[[ Recorded information, beginning ]]

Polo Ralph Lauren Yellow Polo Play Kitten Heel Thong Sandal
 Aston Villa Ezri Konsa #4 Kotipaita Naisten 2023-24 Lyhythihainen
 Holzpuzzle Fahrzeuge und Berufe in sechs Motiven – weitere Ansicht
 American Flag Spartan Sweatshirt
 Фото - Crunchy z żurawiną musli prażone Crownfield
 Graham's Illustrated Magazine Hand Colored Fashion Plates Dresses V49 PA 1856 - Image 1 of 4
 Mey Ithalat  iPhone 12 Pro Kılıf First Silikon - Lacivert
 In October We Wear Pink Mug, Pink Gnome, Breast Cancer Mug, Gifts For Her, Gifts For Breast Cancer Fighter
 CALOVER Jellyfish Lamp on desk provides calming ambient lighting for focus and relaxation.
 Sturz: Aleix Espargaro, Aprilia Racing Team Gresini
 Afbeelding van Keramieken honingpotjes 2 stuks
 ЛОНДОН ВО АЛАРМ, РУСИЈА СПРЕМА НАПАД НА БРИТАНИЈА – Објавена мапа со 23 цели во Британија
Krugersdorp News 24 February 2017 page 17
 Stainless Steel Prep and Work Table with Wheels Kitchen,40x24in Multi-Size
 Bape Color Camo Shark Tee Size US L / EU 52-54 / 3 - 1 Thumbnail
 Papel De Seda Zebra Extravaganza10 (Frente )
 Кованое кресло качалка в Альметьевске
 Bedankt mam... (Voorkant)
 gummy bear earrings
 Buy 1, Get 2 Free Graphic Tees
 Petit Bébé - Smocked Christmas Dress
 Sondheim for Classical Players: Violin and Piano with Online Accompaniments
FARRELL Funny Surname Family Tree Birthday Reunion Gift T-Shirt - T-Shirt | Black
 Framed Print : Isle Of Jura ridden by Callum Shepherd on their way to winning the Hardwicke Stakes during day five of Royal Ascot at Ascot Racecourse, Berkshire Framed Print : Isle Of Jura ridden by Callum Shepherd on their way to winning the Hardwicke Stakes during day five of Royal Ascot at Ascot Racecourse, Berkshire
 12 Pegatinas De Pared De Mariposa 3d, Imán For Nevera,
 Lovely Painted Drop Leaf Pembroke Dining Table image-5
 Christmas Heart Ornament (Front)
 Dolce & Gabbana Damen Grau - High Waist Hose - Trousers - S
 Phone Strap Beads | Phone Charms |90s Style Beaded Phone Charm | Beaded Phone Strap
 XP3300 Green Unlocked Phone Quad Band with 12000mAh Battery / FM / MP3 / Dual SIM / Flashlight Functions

[[ Recorded information, end ]]

[Exercise instructions] Reproduce, exactly, all the lines shown above.

[Solution to the problem]
Polo Ralph Lauren Yellow Polo Play Kitten Heel Thong Sandal
 Aston Villa Ezri Konsa #4 Kotipaita Naisten 2023-24 Lyhythihainen
 Holzpuzzle Fahrzeuge und Berufe in sechs Motiven – weitere Ansicht
 American Flag Spartan Sweatshirt
 Фото - Crunchy z żurawiną musli prażone Crownfield
 Graham's Illustrated Magazine Hand Colored Fashion Plates Dresses V49 PA 1856 - Image 1 of 4
 Mey Ithalat  iPhone 12 Pro Kılıf First Silikon - Lacivert
 In October We Wear Pink Mug, Pink Gnome, Breast Cancer Mug, Gifts For Her, Gifts For Breast Cancer Fighter
 CALOVER Jellyfish Lamp on desk provides calming ambient lighting for focus and relaxation.
 Sturz: Aleix Espargaro, Aprilia Racing Team Gresini
 Afbeelding van Keramieken honingpotjes 2 stuks
 ЛОНДОН ВО АЛАРМ, РУСИЈА СПРЕМА НАПАД НА БРИТАНИЈА – Објавена мапа со 23 цели во Британија
Krugersdorp News 24 February 2017 page 17
 Stainless Steel Prep and Work Table with Wheels Kitchen,40x24in Multi-Size
 Bape Color Camo Shark Tee Size US L / EU 52-54 / 3 - 1 Thumbnail
 Papel De Seda Zebra Extravaganza10 (Frente )
 Кованое кресло качалка в Альметьевске
 Bedankt mam... (Voorkant)
 gummy bear earrings
 Buy 1, Get 2 Free Graphic Tees
 Petit Bébé - Smocked Christmas Dress
 Sondheim for Classical Players: Violin and Piano with Online Accompaniments
FARRELL Funny Surname Family Tree Birthday Reunion Gift T-Shirt - T-Shirt | Black
 Framed Print : Isle Of Jura ridden by Callum Shepherd on their way to winning the Hardwicke Stakes during day five of Royal Ascot at Ascot Racecourse, Berkshire Framed Print : Isle Of Jura ridden by Callum Shepherd on their way to winning the Hardwicke Stakes during day five of Royal Ascot at Ascot Racecourse, Berkshire
 12 Pegatinas De Pared De Mariposa 3d, Imán For Nevera,
 Lovely Painted Drop Leaf Pembroke Dining Table image-5
 Christmas Heart Ornament (Front)
 Dolce & Gabbana Damen Grau - High Waist Hose - Trousers - S
 Phone Strap Beads | Phone Charms |90s Style Beaded Phone Charm | Beaded Phone Strap
 XP3300 Green Unlocked Phone Quad Band with 12000mAh Battery / FM / MP3 / Dual SIM / Flashlight Functions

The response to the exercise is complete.